Dark Matter
Feb 28th, 2008 by admin
For more than 70 years Scientists have been perplexed because galaxy clusters have too much gravity to be explained by the amount of visible matter alone. Something strange and unseen must be causing the gravity; otherwise they should have flown apart by now. This traditional explanation is that a form of dark invisible matter makes up the majority of the mass in the galaxy. An alternative theory is that gravity behaves differently over large distances (which are typically a few million light years in size), than it does on Earth and in our solar system. Dark matter has remained the dominant theory until recently, as astronomers where unable to test the theories of alternate gravity.
The fact that dark matter doesn’t emit radiation makes it difficult to spot. It also renders it in a shroud of mystery. Indeed, no one has detected it and not all scientists are convinced of its existence. While regular matter is the stuff that makes up stars, humans, planets and everything else on Earth, clumps of dark matter are the seeds for the formation of galaxies. The best and probably the simplest evidence of dark matter is that there are stars in our sky. If there was no dark matter, the stars would be flying off into space. Dark matter holds the stars in their given places as they move around the galaxy.
Kepler and Newton managed to weigh the sun just by knowing the location of Earth and how fast it was moving in relation to the sun. Astronomers did the same the thing to determine the weight of dark matter only that this time it was in three dimensions. They measured the position and speed of a large number of stars in several dwarf galaxies orbiting the Milky Way.
The results were surprising to say the least, aside from the speed; the researches calculated the smallest clump of dark matter that existed, was 1000 light years across. The results imply that dark matter is hotter than previously predicted, which means that what astronomers call “cold dark matter” may not be so cold after all. At 10,000 degree Celsius it’s still cool by astronomical standards but warm enough to solve two glitches that have plagued standard models of how galaxies form. The first is that there are too few dwarf galaxies; the second is that dark matter has not concentrated in the center of galaxies.
Scientists were initially skeptical of the results, which together seemed too simple to be conceivable. The discovery of a super-dim galaxy by Dr. Beth Willman from New York University gave astronomers an opportunity to successfully test its predictions.
Small amounts of dark matter continuously pass through Earth on a regular basis. The clouds may be remnants of the first structures to form after the big bang, and could possibly be detected by future missions. Dark matter is seven times more abundant in the universe and interacts gravitationally with the normal matter. Unfortunately physicists have no idea what this mysterious matter is made of or how exactly it got distributed into space. Nonetheless, they have formulated a probable number of hypothetical dark matter particles that were created in the big bang.
These particles formed the Universe’s first structures, where mysterious “quantum seeds” caused matter to clump more densely in certain areas. Dark matter is said to have slid into theses structures and later merged to form giant clouds or halos with trillions of times the mass of the sun. Previous computer simulations have modeled these giant halos, which appear to surround galaxies and also to cluster galaxies.

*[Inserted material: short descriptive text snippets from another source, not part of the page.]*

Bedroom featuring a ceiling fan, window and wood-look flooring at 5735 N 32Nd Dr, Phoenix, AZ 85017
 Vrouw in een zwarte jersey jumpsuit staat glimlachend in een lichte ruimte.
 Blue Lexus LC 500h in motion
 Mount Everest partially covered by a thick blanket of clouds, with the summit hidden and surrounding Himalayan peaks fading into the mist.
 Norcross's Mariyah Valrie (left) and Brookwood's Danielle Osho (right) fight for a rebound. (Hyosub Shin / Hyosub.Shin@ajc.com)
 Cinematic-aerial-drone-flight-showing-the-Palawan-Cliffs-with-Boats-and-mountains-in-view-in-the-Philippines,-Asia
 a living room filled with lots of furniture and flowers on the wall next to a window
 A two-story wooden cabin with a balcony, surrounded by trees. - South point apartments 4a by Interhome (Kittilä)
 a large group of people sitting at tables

In October of 2003 the identity of Universe’s dark matter was finally discovered. A team of researchers from England and France claimed that gamma rays emitted form the center of our galaxy show traces of these ghostly particles. Dark mater “feels” like ordinary visible matter, so it is a fair bet that it clumps at the center of our galaxy. The team studied a distinctive pattern of gamma rays that were coming from the center of the Milky Way. The sharp signal, with energy of 511 kiloelectronvolts (keV), is believed to be due to the annihilation of electrons and positrons, the antimatter equivalent of electrons. However, researchers were unable to prove where the electrons and positrons came from.
Everything from blast waves of a “hypernova” to neutron stars and black holes were looked at as being explanations, however, none of these explanations seemed satisfactory. Astronomers suspected that the electrons and positron were the by-products of dark matter and their antimatter annihilations. But to produce a sharp line at 511 keV which is the “rest” energy of an electron the electron and positron must be slowed down to a virtual standstill before the annihilation ensues. This ruled out dark matter at the large masses that most researchers expect.
Heavy dark matter would be producing high energy electrons, besides it would be almost impossible to bring them to a standstill. This caused researchers to zoom in on a surprisingly light dark matter. To test their idea, the researchers looked at observations from the Integral, the European Space Agency’s gamma ray telescope. The brightness map fitted exactly with the expected distribution of light dark matter particles. If dark matter is really made of light matters then every cubic centimeter of space in the vicinity of the Earth must contain a few tens of them.
In June of 2004 a dim galaxy, Andromeda IX was discovered. It was thought to provide clues to the mysterious dark matter that appears to push regular matters around out in space. The theory that galaxies are embedded in dark matter stems from the observation of stars in spiral galaxies. These galaxies, including the Milky Way are flattened spiral–shaped disks of stars and gas. Since most of the visible matter in a spiral galaxy is concentrated at the center, the stars there would be expected to move quickly than the stars on the outskirts, according to the laws of gravity.